# USB Playback on TV



## Smeg-Reddwarf (May 17, 2018)

Hello all

This is my first post. I have limited hard-drive space on my Mac so am trying to put movies onto an external hard drive so the kids can play them back through the TV. I am literally ready to throw all the TV's and devices out the window!

I have three separate TV's with USB playback ability:

TEAC - LEV40GD3FHD
TCL - L32M11HD
AWA - MSDV2611-O3

I carefully moved all my movies onto the hard drive and nothing worked.
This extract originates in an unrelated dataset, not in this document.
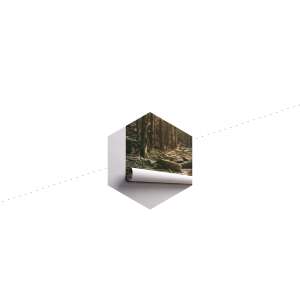 Fototapeta Las Drzewa Kamienie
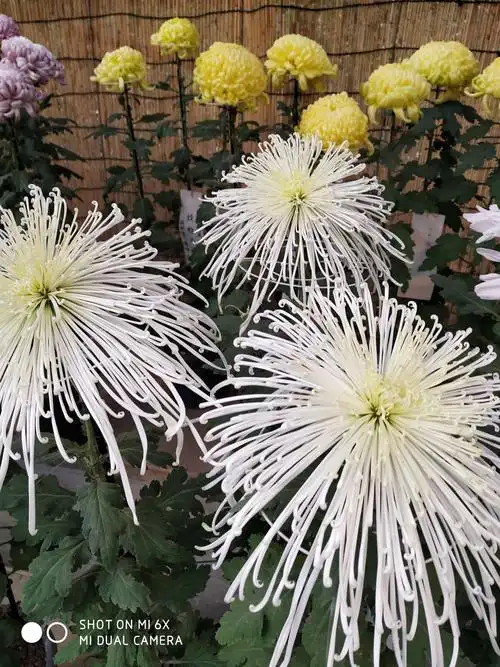 日本行(三) - 美篇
From some googling established they couldn't use the Mac Format I had on the hard drive.

So reformatted after more reading to NFTS. Again, wouldn't work on any of the TV's although the TEAC did show the movie in the menu.

So more research and reformatted to FAT32. Again, wouldn't read on any of the TV's except the TEAC. It tells me when I hit play that video is not supported but the movie time counter is showing it is playing. 
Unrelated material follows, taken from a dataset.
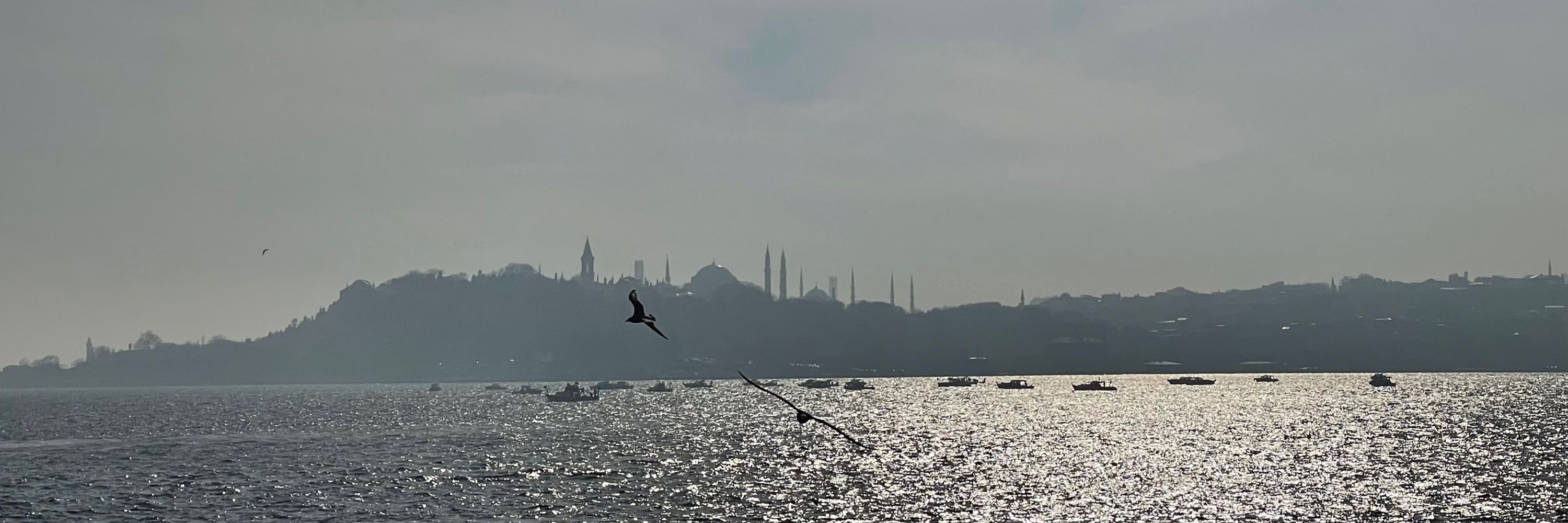 İlke kodal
When I read the TEAC manual it says on one page that both NFTS and FAT32 are supported, but on another says only FAT32. It then states that only supports FAT32 if the hard drive is 400GB or less. My hard-drive is 1TB.

The TCL manual is useless as it only says file formats it will read and they are all MPEG4 as per the manual. It says unsupported device for all formats. 

I cannot find the AWA manual anywhere but it is not allowing us to select the movie option on any formats. 

What else do I try?

Desperately need the hard drive space on my laptop and the movies are the major roadblock to reclaiming space.

Regards
Smeg


----------



## Stancestans (Apr 26, 2009)

I would say the external hdd is the problem here. Not ALL TVs will work with ALL usb drives. Many TVs are built to work with flash disks, and some can handle hard drives while some simply can't. I'm guessing your disk uses a USB 3.x interface while your TVs have a USB 2.0 interface. Even though USB 3.x is backward compatible with USB 2.0, sometimes the power provided by the USB 2.0 ports on the TVs is not enough to drive the external hdd. If your TVs have two usb ports, you can try using a Y-split cable plugged into both ports to give the extra power that may be required by the external drive. Sometimes it's not a problem with power, but the design of the TV. If the TV's firmware is not developed with the protocols and drivers needed to handle external hard disks, then no amount of tinkering will get it to work with your external hard drive. You may have better luck using a flash disk for playback of SUPPORTED media formats on the TVs and use the external hdd for storage of said media to free up the space on your Mac.


About the unsupported video format, it could be a problem with the video resolution and not the format. If your TVs cannot handle UHD resolutions, for example, and the format is supported, then it will throw the same error about unsupported video format. Also, the container (file format) could be mp4, but the video inside it could be of a proprietary implementation of mpeg4, for example Divx, and your tv may only support h264 content.


----------



## Smeg-Reddwarf (May 17, 2018)

Yeah that's the realisation I'm coming to as well. The HDD I'm using is a 1TB with its own power source but is definitely a USB 2.0. I'll keep playing until I find the resolution! This will not beat me - there are three TV's one has to work sometime!!


----------